The Senate hearing took place against the backdrop of a groundswell of state-level legislative efforts to allow college athletes to benefit from NIL rights. Most notably, California enacted its Fair Pay to Play Act in September 2019, and one witness at Tuesday’s hearing estimated that “twenty-eight states . . . are pursuing similar legislation.” Likewise, NCAA President Mark Emmert told the hearing that the NCAA is itself currently “in the process of identifying appropriate ways” to allow student athletes “to benefit from their name, image, and likeness.” Emmert said that the NCAA’s three divisions have been considering rule changes since October 2019, with the goal enacting those changes “no later than January of 2021.”
The senators present were broadly receptive to allowing college athletes to gain compensation from NIL rights, but many expressed reservations and uncertainty about how to move forward. Subcommittee Ranking Member Richard Blumenthal (D-Conn.) was perhaps most strident in his support for NIL rights.
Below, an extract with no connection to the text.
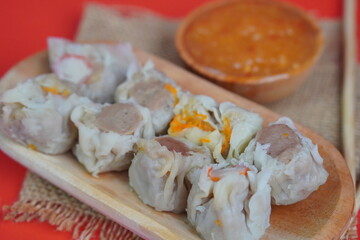 Dim Sum with Sauce on Red Background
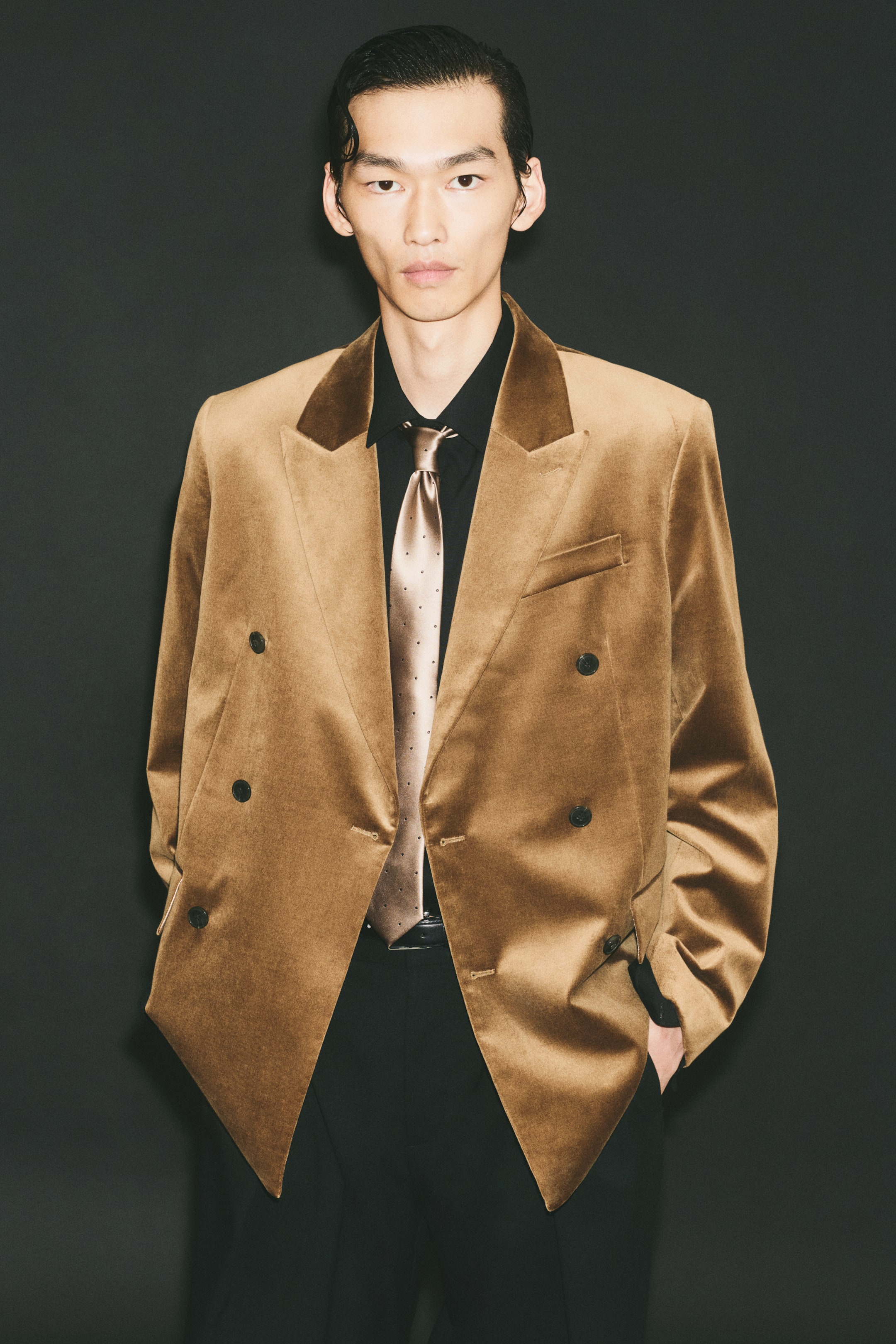 View larger image: A golden-brown double-breasted jacket featuring peak lapels, a welt chest pocket, and dark buttons is being worn open by the model. The jacket is layered over a black button-down shirt, a bronze-toned patterned tie, and black trousers.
Senator Blumenthal frequently directed biting criticism at the current college athletics system, which he characterized as “exploitative,” “deeply unfair,” and “repugnant to the very ideals that the colleges so actively espouse . . . .” Subcommittee Chairman Jerry Moran (R-Kan.) was more cautious in his remarks, emphasizing that Congress must be mindful of “the complexities surrounding this issue” so that the “actions taken by Congress do not harm the education, health and well-being of student athletes.” Full Committee Chairman Roger Wicker (R-Miss.) was likewise restrained, saying “I don’t know how I feel about this issue” and “I don’t know where this is going to lead . . . .” Chairman Wicker nevertheless acknowledged that “there’s been a disparity . . . that ought to be addressed” and that “perhaps name, image, and likeness is the answer.” Congressman Anthony Gonzalez (R-Ohio), a former college football player, spoke in favor of NIL rights, which he said “would empower . . . athletes to make a few extra dollars to alleviate some financial pressure.” Congressman Gonzalez said he has “begun to draft federal legislation in the House to allow student athletes to profit from their NIL and create one uniform national standard.”
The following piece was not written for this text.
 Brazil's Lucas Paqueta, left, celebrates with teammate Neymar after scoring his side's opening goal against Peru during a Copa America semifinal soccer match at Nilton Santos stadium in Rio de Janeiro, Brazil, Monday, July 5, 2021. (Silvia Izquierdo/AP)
The prospect of a uniform national standard to displace the burgeoning patchwork of state laws was the most frequently discussed topic at Tuesday’s hearing. Subcommittee Chairman Moran said that state legislation is “raising concerns [about] the ability of nationwide organizations to function within a system of differing state law provisions.” Full Committee Chairman Wicker said that “states are moving forward and we need to address this issue. . . . I wonder if we can come up with something as a nation.” Congressman Gonzalez warned that a patchwork “would throw the collegiate athletic system into chaos.” By contrast, Senator Blumenthal was less worried about the state patchwork, saying, “the states are going to fill this gap, and, frankly, I’m going to encourage them to fill it because it will provide an additional incentive for the NCAA to move more quickly.” All of the witnesses expressed concern about a patchwork of state laws, with the exception of National College Players Association (NCPA) Executive Director Ramogi Huma, who said that “federal legislation is not necessary for positive reform in this area . . . .” Huma said the various state proposals “look[] very similar,” and expressed concern that federal legislation might “roll[] back what the states are doing.” In the end, however, Huma allowed that federal legislation “could be positive if there was a good bill.”
While the hearing was preliminary in nature, and did not involve extensive discussion of policy minutiae, the senators and witnesses identified a number of areas for further exploration. Subcommittee Chairman Moran mentioned “the use of third-party agents, the possible elimination of athletic programs, [the] current definition of amateurism, and allowable incentives made available to today’s college athletes.” Other topics discussed include “guardrails” to prevent corruption of the recruiting process; protection of athletes’ NIL rights from misappropriation on social media; Title IX implications; anti-trust concerns about the NCAA; potential caps on NIL compensation; and potential NIL disparities — for example, between high and low revenue sports, between different players on the same team (e.g. quarterback and center), and between different types of universities (e.g. located in large versus small markets).